Per this interview, it's a mix of Czechoslovakian and the parole officer (Mr Deltoid) from the film 'A Clockwork Orange'. It's supposed to convey a sort of "courtly" tone.
Jurasik: The quick story about the accent, if I can tell you how I patchworked it together, is I was doing a play downtown, a Tennessee
Williams play, and I worked really hard on a Memphis accent. I felt
like I had really nailed it. But one L.A. critic nailed me and said,
"That’s a terrible Memphis accent. That doesn’t sound like a Southern
accent." I was really hurt. About that time was when "The Gathering,"
the pilot, showed up. I called Joe and said, "What do you want me to
sound like?" He said, "Let him sound like whatever you want," so I
purposely took a couple of different things. There’s a character who
plays the parole officer in A Clockwork Orange, the guy who’s always
saying, "And night-time is the best time, um, yes?" I took my
Czechoslovakian grandmother. I had spent three consecutive summers in
Ireland. I didn’t always take sounds; I took rhythms. Londo had a kind
of musical thing.
Peter Jurasik (Dr. Geiger) Chat at I.D.I.C Online on July 10, 1999
Apparently there's also a little bit of an irish brogue in there as well. Note that he's told the story so many times that the quote below is almost identical, despite being nearly two years apart.

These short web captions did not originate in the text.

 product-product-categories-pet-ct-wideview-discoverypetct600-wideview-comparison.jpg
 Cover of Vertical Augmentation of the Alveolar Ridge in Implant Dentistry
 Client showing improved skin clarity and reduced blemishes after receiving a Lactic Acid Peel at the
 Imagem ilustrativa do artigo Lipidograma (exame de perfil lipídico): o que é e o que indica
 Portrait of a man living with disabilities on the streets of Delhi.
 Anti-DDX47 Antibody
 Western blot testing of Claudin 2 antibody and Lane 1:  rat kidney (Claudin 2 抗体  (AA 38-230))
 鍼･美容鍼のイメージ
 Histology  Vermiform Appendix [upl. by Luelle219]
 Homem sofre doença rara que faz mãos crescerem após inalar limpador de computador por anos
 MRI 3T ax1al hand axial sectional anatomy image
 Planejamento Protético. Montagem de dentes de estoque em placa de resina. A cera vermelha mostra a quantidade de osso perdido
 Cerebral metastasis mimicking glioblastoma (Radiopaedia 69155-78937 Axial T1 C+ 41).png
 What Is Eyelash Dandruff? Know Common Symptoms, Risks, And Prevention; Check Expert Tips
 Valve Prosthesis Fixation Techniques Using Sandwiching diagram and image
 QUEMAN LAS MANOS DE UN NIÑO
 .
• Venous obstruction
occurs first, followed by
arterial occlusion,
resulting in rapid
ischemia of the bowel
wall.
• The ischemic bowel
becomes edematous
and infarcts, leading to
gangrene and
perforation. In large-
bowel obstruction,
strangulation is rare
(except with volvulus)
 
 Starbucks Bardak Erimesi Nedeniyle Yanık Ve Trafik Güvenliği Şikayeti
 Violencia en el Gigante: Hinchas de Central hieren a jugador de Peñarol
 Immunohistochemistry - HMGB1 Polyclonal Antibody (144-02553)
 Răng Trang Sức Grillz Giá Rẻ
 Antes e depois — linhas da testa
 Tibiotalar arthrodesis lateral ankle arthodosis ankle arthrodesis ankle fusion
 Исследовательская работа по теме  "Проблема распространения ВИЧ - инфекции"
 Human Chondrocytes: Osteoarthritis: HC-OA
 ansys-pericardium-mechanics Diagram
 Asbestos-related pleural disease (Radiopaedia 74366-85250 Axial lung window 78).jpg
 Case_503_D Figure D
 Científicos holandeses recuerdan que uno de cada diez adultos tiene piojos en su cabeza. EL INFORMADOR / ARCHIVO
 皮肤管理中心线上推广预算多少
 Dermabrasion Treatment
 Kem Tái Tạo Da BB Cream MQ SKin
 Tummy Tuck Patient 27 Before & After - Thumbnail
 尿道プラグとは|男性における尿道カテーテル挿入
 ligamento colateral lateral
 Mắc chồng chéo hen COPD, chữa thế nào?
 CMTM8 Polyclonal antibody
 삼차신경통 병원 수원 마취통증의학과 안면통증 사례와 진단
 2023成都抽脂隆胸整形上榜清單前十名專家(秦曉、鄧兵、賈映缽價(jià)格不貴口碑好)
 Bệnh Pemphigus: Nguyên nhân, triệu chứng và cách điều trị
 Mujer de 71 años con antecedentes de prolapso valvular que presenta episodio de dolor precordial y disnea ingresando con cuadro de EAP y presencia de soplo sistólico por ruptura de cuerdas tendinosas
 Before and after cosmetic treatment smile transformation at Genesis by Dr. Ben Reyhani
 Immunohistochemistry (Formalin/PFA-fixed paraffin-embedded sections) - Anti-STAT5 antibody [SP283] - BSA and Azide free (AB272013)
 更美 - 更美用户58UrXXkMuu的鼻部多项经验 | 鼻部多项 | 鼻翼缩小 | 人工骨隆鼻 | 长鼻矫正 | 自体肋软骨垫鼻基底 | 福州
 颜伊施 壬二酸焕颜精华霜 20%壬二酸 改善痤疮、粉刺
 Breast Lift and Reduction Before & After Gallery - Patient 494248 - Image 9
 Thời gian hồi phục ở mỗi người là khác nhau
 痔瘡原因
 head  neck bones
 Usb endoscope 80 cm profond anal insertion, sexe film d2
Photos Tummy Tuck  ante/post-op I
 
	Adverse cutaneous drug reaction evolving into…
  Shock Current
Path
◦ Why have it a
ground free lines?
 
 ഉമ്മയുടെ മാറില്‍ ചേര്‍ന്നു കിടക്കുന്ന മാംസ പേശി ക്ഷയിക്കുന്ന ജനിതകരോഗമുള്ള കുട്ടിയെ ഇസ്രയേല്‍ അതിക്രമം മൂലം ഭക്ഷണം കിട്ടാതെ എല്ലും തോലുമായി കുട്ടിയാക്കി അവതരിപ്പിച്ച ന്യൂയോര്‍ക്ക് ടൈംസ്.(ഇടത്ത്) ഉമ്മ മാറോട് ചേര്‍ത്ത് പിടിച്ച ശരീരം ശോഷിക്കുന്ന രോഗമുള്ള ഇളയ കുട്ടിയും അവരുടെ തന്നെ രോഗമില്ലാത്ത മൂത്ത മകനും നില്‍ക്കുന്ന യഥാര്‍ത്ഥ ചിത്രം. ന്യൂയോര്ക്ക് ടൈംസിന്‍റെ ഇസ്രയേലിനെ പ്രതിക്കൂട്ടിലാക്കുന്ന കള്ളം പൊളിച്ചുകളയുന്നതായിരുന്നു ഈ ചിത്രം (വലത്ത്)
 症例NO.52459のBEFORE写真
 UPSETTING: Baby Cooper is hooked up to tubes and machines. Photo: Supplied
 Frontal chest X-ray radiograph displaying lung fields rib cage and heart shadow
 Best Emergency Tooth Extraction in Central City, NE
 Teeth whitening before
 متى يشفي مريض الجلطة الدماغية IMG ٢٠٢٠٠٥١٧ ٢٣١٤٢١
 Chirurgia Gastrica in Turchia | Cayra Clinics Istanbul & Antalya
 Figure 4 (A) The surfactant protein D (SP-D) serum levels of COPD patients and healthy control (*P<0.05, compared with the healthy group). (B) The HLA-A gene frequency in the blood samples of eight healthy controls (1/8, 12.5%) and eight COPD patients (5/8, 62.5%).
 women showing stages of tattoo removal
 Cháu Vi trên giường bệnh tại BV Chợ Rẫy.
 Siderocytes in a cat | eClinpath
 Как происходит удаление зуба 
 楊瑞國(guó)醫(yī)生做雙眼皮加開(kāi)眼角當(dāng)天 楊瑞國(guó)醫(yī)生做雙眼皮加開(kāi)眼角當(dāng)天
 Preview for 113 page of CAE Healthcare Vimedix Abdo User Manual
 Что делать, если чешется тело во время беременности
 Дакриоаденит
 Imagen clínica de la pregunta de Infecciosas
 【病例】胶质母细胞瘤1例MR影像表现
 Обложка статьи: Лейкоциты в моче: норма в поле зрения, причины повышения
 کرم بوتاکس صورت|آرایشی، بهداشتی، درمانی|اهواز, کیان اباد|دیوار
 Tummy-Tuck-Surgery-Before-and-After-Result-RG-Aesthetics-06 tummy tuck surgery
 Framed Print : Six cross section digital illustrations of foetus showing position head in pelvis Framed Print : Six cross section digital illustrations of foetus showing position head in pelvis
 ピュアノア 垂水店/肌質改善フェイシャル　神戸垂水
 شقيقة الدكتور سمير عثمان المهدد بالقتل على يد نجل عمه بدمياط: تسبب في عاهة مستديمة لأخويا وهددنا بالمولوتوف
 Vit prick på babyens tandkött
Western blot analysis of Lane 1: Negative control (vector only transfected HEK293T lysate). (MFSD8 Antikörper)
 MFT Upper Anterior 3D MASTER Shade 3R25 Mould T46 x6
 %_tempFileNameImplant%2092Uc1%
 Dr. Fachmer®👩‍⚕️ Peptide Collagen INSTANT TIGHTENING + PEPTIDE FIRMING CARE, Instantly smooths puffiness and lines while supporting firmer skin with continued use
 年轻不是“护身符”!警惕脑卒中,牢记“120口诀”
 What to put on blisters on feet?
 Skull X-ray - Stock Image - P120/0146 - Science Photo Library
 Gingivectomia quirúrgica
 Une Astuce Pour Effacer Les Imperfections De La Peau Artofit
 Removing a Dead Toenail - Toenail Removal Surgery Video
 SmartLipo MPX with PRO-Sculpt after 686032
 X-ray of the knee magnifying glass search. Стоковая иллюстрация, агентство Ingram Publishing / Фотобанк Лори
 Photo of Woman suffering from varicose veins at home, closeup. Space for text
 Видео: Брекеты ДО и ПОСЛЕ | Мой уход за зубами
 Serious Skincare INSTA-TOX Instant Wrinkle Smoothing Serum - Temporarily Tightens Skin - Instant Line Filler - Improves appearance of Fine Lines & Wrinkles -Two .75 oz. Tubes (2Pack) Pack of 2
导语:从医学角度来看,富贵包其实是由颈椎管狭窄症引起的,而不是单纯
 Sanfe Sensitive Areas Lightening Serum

Jurasik: The story I always tell in conventions, which is true, is I had just finished a play in Los Angeles, a Tennessee Williams play, and I had gotten bad reviews for a Memphis accent that I did. And I had worked really hard on this Memphis accent, and I had it nailed perfectly and people from Memphis said to me, "Wow, you sound like you grew up next door to me." Then some dumb ass reviewer said, "That's not a very good Memphis accent."
IGNFF: From L.A.
Jurasik: Yeah, from L.A. He wouldn't know a Memphis accent anyway. But
being the insecure actor that I am, I took that hard. You take stuff
like that, when it's in the L.A. Times, it hurts you anyway ... When I
got Babylon, I realized this is a great opportunity for me. I will be
the first Centauri, and I can make him talk anyway he wants, and no
reviewer will ever be able to say, "That's not what a Centauri sounds
like. What a terrible Centauri accent he's doing." Because I'm the
first Centauri, so I make him talk any way I want. So, I made the
accent up, a kind of amalgam of a number of different accents. I used
a little of my Slovak grandmother, and I mentioned Ireland; I love the
rhythms of Irish. So I mixed it up and made it my own.
AN INTERVIEW WITH PETER JURASIK
In-universe, showrunner JMS described it as being associated with the upper classes, hence why younger (and lower class) Centauri like Vir have a different accent but that Refa and Emperor Turhan sound similar.
Q. Speaking of Londo's accent, I'm assuming that different Centauri
accents represent people from different areas of the planet?
Anything significant in all this, or just a bit of
JMS: No, we've just always assumed that not everyone on any given
planet is going to speak with the same accent as everybody else from
that planet. Seems more realistic.
Certainly, among Centauri, a certain accent is more associated with
the "old school" of court nobility and the like.